Uma análise crítica da constitucionalidade e dos impactos sociotécnicos da proibição biométrica para pessoas neurodivergentes no contexto da proteção de dados pessoais.

segunda-feira, 27 de outubro de 2025

Atualizado às 14:52

Toda lei que pretende proteger sem compreender o que regula termina por ferir aquilo que prometia guardar.

Quando o Direito se distancia de sua função de estruturar a convivência e resguardar liberdades, converte-se em instrumento de opressão.

O gesto que se anuncia como tutela revela-se controle; a promessa de proteção se torna limitação. Em resumo, o discurso é de tutela; o efeito é de exclusão.
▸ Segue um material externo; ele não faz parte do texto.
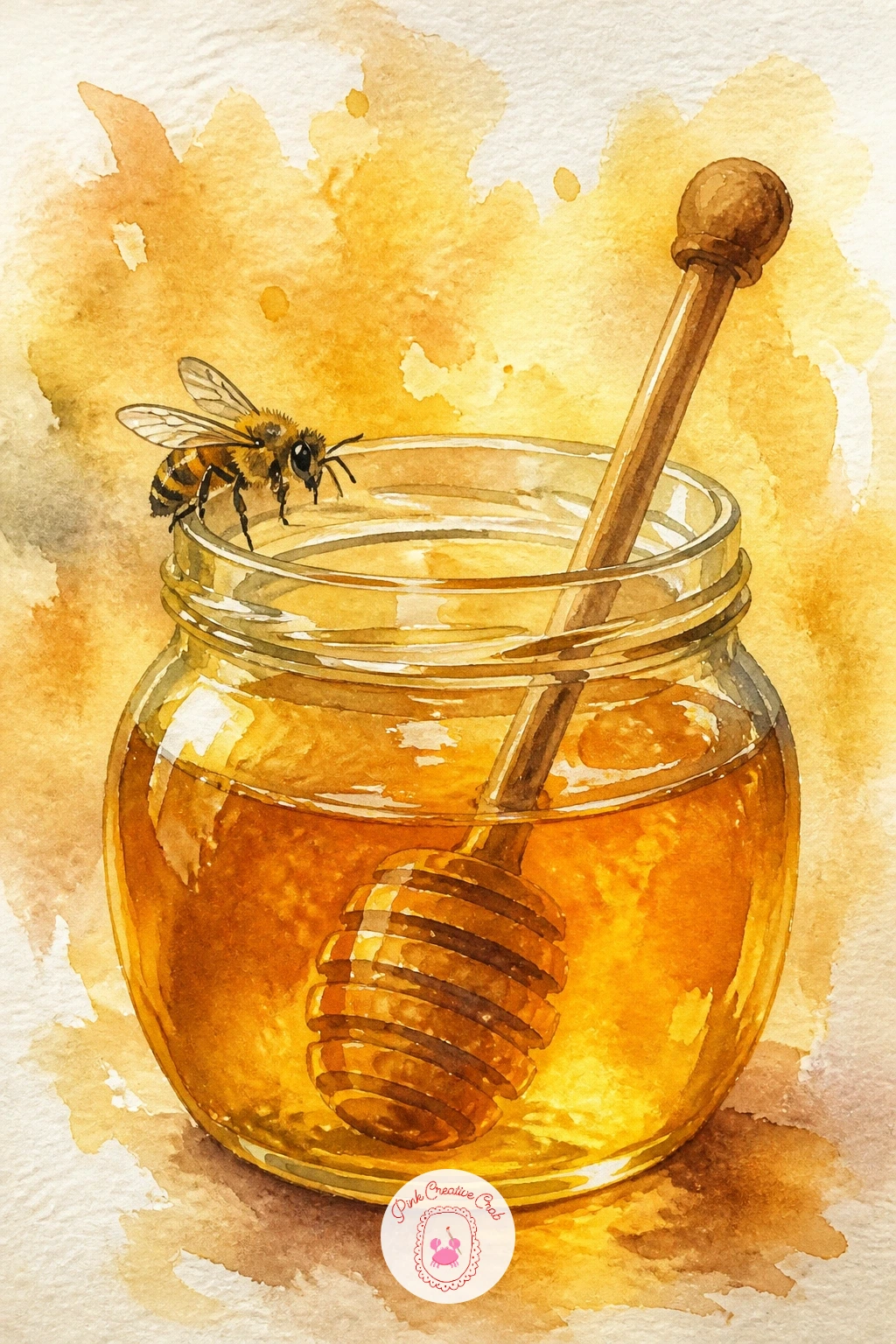 Honey Jar With a Dipper — Move from flower to kitchen table with a honey jar with a dipper and a bee perched on the rim. Bee watercolor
No dia 17/10/25, foi sancionada a lei 14.033/251, com o discurso de um gesto protetivo, mas sob o verniz da ausência técnica. A norma proíbe o uso de reconhecimento facial e cadastro biométrico por estabelecimentos públicos e privados para pessoas com deficiência, TEA - Transtorno do Espectro Autista, TDAH - Transtorno de Déficit de Atenção e Hiperatividade, Síndrome de Down e Dislexia, um ato que, sob o disfarce da tutela, revela o manto do controle e da exclusão. O discurso é de proteção; o efeito, de limitação.

A suposta proteção conferida pela norma aos grupos vulneráveis, especialmente no tratamento de dados sensíveis como a biometria, desmorona perante um escrutínio constitucional rigoroso. Não apenas desafia os cânones da proporcionalidade tecnológica, mas evidencia uma desarmonia entre a técnica regulatória e o princípio da razoabilidade, expondo o vazio argumentativo da norma.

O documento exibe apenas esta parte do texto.